#### Supplied material ####
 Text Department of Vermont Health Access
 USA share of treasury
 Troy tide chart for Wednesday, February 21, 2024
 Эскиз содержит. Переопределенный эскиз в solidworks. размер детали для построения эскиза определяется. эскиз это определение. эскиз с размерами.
####
#### Supplied material ####
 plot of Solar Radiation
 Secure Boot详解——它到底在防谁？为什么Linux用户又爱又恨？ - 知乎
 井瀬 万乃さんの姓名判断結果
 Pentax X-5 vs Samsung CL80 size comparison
####
#### Supplied material ####
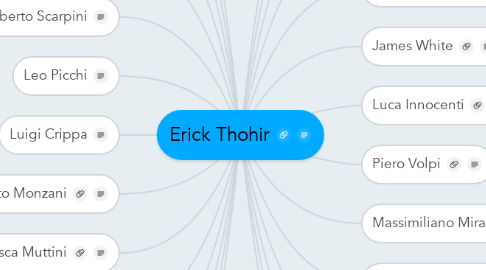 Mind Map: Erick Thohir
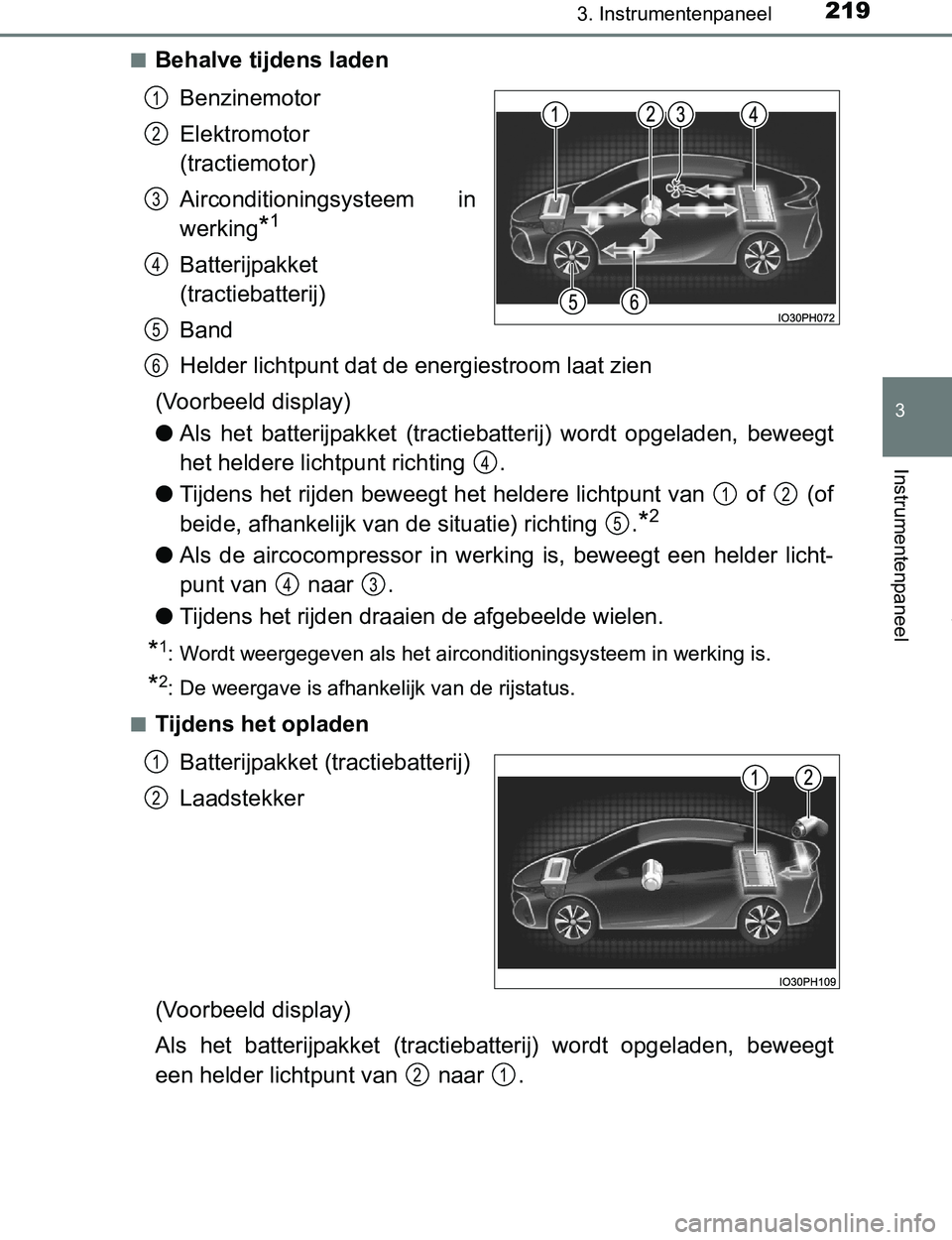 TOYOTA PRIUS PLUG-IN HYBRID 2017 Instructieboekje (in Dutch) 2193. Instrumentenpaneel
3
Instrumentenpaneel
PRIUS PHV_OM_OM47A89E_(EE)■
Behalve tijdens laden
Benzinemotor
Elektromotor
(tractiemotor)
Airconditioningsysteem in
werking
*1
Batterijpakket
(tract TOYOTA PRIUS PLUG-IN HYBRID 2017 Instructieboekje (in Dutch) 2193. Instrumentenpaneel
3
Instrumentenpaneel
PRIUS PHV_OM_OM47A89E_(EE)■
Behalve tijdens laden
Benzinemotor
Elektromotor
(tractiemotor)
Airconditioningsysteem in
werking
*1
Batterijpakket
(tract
####
Instructions to follow —
Above are the records; print exactly the lines from the line with "Secure Boot详解——它到底在防谁？为什么Linux用户又爱又恨？ - 知乎" to the line with "Pentax X-5 vs Samsung CL80 size comparison", including both, and nothing else.

Expected output —
 Secure Boot详解——它到底在防谁？为什么Linux用户又爱又恨？ - 知乎
 井瀬 万乃さんの姓名判断結果
 Pentax X-5 vs Samsung CL80 size comparison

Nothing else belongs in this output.